# TRY IT
Here is the listing. Report each line in it that contains the string "Foto".

━━ GIVEN INFORMATION

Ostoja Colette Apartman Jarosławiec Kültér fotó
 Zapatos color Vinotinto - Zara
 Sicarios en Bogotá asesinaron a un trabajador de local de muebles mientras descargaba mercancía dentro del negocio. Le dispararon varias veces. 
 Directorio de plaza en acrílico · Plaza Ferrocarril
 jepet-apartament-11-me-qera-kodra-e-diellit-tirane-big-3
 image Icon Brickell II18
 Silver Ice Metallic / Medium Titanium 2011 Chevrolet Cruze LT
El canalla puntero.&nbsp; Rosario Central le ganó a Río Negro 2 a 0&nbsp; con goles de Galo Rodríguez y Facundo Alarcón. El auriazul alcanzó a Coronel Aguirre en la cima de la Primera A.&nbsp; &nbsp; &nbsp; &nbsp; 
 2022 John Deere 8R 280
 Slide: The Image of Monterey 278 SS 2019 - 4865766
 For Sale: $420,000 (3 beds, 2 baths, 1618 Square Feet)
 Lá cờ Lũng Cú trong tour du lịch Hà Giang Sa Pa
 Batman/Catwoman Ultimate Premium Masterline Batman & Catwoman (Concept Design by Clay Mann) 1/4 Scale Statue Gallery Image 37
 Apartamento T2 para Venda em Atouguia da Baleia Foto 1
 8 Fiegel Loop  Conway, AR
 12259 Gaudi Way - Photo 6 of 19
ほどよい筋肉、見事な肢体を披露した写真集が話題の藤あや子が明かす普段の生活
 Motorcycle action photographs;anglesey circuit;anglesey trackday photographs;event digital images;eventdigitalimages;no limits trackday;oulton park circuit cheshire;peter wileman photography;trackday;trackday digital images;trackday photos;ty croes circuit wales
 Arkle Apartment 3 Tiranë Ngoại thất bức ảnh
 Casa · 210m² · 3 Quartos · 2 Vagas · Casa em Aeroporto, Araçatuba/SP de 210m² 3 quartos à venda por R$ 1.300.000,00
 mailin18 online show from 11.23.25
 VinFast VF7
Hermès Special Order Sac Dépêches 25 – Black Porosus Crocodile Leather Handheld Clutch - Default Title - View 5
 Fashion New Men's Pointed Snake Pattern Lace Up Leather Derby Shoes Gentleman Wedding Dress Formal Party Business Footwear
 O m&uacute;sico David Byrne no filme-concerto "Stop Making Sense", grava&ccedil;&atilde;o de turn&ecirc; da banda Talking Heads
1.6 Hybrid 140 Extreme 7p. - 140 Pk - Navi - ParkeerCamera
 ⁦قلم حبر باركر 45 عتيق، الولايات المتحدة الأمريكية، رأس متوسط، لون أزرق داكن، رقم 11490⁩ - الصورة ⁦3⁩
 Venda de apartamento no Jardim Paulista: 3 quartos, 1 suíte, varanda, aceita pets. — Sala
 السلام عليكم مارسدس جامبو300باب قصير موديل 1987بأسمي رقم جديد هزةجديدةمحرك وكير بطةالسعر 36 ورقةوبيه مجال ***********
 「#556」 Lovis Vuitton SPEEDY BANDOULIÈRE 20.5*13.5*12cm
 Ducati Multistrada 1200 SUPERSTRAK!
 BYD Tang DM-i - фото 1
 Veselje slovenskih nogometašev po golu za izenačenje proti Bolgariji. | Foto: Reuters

━━━━

# SOLUTION FOR THIS PROBLEM
 Apartamento T2 para Venda em Atouguia da Baleia Foto 1
 Veselje slovenskih nogometašev po golu za izenačenje proti Bolgariji. | Foto: Reuters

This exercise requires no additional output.